> _Exercise description_:
In full and exactly, please return the records, but keep out the pictures.

> _Records provided_:
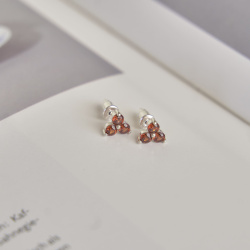 INFANTA Серьги пусеты Principessa Trifoglio с гранатами в серебре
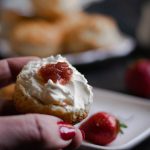 Scones, clotted cream e fragole, very english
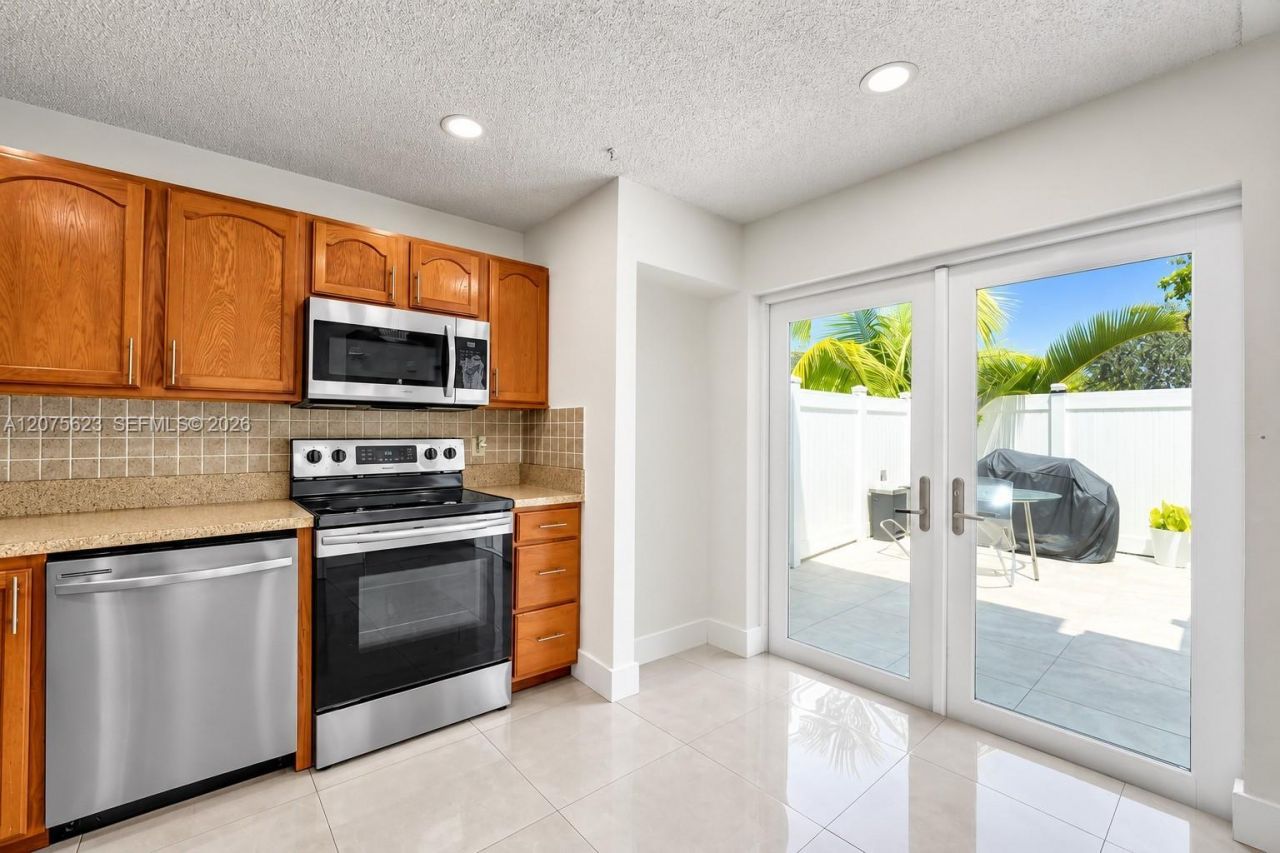 3000 NW 5th Ter , Unit 112, Pompano Beach, FL 33064 Photo
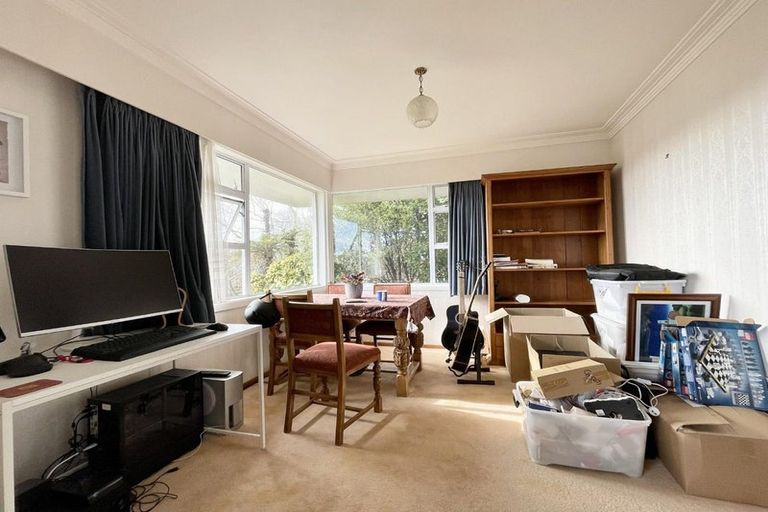 Photo of property in 9 Montana Place, Merrilands, New Plymouth, 4312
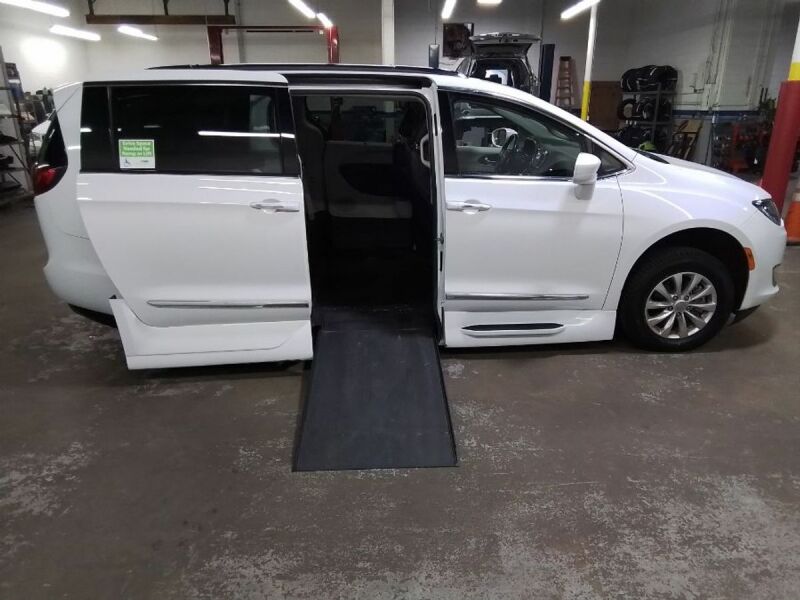 2018 Chrysler Pacifica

> _Worked solution_:
 INFANTA Серьги пусеты Principessa Trifoglio с гранатами в серебре
 Scones, clotted cream e fragole, very english
 3000 NW 5th Ter , Unit 112, Pompano Beach, FL 33064 Photo
 Photo of property in 9 Montana Place, Merrilands, New Plymouth, 4312
 2018 Chrysler Pacifica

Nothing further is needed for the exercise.